Zorunlu trafik sigortalarında 2022 şubat ayı sonrasında uygulanan prim artışları ile birlikte, temmuz ayında da tarife değişikliğine gidilmiştir. Araç başına maddi giderler 100 bin lira, kişi başına sakatlanma ve ölüm 1 milyon olarak yürürlüğe girmiştir. 
Prim artışları ve tarife değişikliği sonrasında, sigorta şirketleri acentelere farklı bahaneler sunarak zorunlu trafik sigortalarında üretimi durdurmaktadırlar. Tek sigorta şirketi ile çalışan acentelerin ekranları kapatılarak, müşteri kaybı ile birlikte maddi kayıplara sebebiyet vermeleri büyük haksızlıktır. 
16.000’e yakın acente; Zorunlu trafik sigortası, zorunlu deprem sigortası (dask), kasko sigortaları, yangın konut sigortaları ve diğer branşlarda üretim yaparak Ülke ekonomisine ciddi katkı sağlayarak istihdam yaratmaktadır.

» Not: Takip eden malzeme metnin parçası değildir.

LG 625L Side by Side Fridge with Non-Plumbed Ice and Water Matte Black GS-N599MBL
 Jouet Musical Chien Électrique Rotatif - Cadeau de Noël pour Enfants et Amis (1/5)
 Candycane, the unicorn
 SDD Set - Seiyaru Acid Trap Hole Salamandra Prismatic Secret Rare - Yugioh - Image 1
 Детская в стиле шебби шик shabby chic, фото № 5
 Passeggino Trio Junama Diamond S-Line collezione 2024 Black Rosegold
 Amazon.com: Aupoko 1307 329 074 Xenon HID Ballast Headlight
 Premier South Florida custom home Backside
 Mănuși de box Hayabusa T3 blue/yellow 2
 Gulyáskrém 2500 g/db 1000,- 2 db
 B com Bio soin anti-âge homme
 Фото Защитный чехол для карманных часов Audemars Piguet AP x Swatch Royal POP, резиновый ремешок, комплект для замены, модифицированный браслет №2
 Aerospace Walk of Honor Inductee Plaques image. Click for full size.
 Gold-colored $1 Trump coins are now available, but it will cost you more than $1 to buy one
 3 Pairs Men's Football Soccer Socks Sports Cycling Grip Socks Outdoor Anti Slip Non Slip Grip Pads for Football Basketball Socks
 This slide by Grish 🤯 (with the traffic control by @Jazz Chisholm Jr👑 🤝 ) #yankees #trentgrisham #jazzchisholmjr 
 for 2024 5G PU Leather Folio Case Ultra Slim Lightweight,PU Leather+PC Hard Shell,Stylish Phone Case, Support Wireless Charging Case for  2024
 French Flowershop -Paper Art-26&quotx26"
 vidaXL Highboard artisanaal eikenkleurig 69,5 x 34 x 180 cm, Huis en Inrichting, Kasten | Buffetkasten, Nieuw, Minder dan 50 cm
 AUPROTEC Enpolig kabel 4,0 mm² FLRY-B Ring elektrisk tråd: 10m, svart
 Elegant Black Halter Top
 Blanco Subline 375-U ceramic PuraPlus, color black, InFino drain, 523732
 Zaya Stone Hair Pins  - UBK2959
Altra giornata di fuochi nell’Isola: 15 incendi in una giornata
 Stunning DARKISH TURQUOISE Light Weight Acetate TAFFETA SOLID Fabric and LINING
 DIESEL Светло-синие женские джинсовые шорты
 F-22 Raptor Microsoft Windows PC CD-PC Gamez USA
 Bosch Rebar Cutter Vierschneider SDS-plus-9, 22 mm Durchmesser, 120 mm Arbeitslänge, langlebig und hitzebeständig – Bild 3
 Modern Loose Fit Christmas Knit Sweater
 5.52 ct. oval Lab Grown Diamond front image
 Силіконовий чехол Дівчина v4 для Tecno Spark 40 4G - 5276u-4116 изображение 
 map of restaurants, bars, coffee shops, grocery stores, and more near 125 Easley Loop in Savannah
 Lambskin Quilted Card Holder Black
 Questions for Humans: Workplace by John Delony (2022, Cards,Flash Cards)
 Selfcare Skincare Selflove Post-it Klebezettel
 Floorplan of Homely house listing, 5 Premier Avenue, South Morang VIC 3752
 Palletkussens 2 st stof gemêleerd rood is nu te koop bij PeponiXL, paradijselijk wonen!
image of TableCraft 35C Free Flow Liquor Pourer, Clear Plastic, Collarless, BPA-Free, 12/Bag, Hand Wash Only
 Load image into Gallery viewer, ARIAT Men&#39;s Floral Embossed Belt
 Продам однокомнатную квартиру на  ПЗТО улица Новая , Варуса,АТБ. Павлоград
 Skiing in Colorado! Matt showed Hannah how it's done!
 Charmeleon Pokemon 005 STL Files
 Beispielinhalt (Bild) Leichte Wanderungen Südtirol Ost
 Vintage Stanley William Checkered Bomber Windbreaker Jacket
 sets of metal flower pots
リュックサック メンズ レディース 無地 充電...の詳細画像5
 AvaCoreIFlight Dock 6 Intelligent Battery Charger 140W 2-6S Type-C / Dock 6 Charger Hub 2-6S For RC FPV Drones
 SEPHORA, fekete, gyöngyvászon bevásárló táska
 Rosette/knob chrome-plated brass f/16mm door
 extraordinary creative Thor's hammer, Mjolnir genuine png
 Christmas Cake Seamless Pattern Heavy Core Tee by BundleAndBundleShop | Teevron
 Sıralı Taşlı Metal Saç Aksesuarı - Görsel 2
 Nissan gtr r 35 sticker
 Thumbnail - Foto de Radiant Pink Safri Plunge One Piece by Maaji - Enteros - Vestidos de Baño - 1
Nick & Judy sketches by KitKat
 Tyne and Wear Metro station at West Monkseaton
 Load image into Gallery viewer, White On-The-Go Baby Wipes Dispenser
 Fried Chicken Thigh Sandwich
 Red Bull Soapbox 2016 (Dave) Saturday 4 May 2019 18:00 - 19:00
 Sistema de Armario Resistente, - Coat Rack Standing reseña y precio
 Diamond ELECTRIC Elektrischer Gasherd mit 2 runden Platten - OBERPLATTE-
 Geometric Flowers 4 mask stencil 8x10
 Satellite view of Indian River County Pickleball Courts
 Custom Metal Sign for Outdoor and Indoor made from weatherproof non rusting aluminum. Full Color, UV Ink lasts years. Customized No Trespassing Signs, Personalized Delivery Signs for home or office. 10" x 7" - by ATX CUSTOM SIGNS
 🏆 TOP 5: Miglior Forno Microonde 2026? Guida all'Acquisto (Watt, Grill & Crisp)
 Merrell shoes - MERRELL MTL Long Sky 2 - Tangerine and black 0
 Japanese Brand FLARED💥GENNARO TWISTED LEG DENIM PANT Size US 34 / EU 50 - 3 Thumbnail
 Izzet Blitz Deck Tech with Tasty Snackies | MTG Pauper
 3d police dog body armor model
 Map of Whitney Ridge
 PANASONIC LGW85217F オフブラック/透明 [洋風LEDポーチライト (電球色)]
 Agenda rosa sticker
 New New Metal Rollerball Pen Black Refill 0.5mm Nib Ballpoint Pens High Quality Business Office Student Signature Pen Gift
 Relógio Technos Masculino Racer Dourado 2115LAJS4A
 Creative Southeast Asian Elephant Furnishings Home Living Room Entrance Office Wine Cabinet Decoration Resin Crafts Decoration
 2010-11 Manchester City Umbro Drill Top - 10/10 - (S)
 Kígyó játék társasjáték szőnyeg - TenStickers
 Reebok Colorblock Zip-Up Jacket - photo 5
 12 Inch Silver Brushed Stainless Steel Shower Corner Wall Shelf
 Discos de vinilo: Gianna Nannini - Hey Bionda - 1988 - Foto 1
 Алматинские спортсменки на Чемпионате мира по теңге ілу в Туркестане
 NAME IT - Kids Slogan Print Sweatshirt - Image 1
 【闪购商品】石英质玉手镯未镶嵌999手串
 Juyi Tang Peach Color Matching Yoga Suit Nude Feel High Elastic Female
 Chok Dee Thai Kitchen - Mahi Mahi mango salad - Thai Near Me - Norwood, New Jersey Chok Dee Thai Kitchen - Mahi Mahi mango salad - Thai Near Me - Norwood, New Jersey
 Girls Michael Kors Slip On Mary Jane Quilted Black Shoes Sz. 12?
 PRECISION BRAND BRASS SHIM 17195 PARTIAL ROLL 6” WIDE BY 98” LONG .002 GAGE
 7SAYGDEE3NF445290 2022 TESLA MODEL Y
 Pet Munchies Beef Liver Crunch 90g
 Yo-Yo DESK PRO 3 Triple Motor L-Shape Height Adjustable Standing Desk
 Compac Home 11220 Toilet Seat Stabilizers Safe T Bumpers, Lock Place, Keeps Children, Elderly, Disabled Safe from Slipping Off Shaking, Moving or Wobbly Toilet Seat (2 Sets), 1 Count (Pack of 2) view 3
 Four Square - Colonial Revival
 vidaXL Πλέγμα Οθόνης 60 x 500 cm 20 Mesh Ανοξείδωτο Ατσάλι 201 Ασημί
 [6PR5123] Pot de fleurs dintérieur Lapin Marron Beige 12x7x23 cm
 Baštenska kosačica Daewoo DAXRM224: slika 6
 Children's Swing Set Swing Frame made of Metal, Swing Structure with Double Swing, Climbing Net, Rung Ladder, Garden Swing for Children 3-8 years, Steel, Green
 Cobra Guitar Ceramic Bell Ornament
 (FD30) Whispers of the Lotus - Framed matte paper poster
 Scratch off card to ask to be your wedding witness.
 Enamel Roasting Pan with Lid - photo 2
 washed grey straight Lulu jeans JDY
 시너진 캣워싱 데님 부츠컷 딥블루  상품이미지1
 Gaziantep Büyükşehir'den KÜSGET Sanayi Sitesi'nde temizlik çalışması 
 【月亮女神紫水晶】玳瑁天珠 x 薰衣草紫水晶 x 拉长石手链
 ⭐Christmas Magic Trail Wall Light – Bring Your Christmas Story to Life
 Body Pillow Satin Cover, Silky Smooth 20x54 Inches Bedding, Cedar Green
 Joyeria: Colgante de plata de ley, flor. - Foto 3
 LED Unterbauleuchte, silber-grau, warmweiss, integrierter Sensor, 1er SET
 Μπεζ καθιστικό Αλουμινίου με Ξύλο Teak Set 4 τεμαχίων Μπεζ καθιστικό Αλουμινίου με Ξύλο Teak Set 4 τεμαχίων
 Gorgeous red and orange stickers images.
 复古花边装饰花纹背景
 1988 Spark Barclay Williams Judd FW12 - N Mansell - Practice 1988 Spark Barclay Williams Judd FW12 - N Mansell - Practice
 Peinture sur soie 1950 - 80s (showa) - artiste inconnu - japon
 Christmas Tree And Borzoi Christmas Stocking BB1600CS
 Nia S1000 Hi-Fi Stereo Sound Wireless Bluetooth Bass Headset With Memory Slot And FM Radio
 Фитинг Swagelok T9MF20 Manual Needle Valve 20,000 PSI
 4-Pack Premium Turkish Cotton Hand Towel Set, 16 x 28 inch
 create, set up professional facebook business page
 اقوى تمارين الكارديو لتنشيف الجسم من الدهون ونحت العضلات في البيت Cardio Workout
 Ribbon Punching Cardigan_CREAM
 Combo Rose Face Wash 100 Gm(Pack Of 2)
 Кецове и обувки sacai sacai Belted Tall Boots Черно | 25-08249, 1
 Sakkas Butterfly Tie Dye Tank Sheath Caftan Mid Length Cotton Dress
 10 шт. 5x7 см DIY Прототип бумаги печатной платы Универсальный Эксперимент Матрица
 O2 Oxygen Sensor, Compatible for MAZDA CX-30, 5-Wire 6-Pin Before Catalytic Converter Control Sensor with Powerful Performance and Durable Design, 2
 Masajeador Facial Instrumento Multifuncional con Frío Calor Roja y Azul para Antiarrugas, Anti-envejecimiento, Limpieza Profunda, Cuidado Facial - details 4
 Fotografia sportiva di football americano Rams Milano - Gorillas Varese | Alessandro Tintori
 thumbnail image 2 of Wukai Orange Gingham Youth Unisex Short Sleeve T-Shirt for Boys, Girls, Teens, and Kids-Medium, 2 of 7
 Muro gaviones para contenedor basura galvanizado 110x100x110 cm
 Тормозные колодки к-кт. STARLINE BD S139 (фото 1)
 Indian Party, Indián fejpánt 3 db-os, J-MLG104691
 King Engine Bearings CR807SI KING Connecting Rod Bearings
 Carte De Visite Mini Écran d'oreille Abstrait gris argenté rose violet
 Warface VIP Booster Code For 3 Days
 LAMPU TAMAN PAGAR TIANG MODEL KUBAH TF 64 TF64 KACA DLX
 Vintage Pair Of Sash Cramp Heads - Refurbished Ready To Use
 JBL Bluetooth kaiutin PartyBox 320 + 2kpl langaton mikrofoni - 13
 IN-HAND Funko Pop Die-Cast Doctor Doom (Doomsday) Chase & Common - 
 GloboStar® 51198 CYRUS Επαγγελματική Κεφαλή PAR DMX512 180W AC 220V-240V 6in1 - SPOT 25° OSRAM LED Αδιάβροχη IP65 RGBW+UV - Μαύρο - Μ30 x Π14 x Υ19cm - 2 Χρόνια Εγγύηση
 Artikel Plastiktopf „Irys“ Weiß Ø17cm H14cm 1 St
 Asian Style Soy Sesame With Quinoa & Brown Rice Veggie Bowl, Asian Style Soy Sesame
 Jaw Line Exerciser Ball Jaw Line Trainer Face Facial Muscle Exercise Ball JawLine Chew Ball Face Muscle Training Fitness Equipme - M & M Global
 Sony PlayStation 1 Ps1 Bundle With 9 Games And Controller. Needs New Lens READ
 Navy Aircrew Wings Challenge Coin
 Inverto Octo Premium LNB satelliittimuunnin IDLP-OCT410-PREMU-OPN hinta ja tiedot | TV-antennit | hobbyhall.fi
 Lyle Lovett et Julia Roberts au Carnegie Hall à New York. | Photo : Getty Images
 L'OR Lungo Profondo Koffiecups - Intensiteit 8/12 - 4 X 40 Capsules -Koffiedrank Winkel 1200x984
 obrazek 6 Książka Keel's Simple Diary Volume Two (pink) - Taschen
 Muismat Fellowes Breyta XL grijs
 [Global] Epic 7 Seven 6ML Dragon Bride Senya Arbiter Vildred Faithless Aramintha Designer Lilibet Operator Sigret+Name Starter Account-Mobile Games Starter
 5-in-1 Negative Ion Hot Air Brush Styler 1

Özel sigortalar üretiminde, Banka, broker ve acenteler istihdam sağlamaktadır. Bunların içerisinde Ülke genelinde; özel sigortalarda üretimin yaklaşık %60’ını acenteler üretmektedir. Üretimin büyük kısmını sağlayan acentelere, sigorta şirketleri tarafından kısıtlamalar getirilerek haksız rekabete yol açmalarıdır.
Uygulanan kısıtlamalar;
1-    Hafta sonları zorunlu trafik sigortalarında üretimin durdurulması
2-    Zorunlu trafik sigortalarında taban uygulanan primin üzerinde fiyatlandırmak
3-    Bazı sigorta şirketlerinin zorunlu trafik sigorta üretimini durdurması
4-    Zorunlu trafik sigortalarında kredi kartına nakit ödemeye işlemlerini durdurması
5-    Zorunlu trafik sigortaları üretimde ilave olarak poliçe üretiminin talep edilmesi
6-    Zorunlu trafik sigortalarında taksitli ödemelerin kaldırılması 
7-    Teklif sürelerinin iki gün ile sınırlandırılması 
8-    Aynı gün içerinde verilen prim fiyatının aynı gün içerisin değişmesi

Buna bağlı olarak, diğer sigorta branşlarında da sorunlar vardır. Geçen yıla oranlarla değerlendirme yaparsak, kasko ve yangın poliçelerinde yüksek prim verilmesi acentelerin ciddi müşteri kaybına yol açmasıdır. Sigorta şirketleri kendilerince kur ve enflasyon artışını öne sürerek, enflasyon artışının çok üzerinde prim hesaplaması yapmaktadırlar.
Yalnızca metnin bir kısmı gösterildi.